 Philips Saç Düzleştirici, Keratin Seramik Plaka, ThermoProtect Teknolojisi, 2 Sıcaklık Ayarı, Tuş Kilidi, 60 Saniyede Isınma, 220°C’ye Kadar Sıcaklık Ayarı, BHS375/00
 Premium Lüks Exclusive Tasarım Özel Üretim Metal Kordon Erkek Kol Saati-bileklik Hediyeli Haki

___

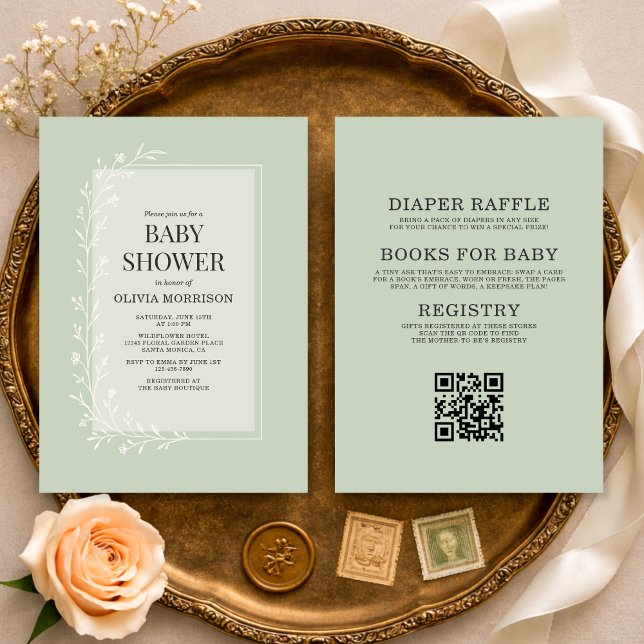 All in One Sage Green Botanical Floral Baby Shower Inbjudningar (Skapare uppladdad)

___

Task brief:
Starting with the line above that holds "Philips Saç Düzleştirici, Keratin" and stopping with the line that holds "Premium Lüks Exclusive", reproduce each line exactly, omitting all other lines.

Exercise solution:
 Philips Saç Düzleştirici, Keratin Seramik Plaka, ThermoProtect Teknolojisi, 2 Sıcaklık Ayarı, Tuş Kilidi, 60 Saniyede Isınma, 220°C’ye Kadar Sıcaklık Ayarı, BHS375/00
 Premium Lüks Exclusive Tasarım Özel Üretim Metal Kordon Erkek Kol Saati-bileklik Hediyeli Haki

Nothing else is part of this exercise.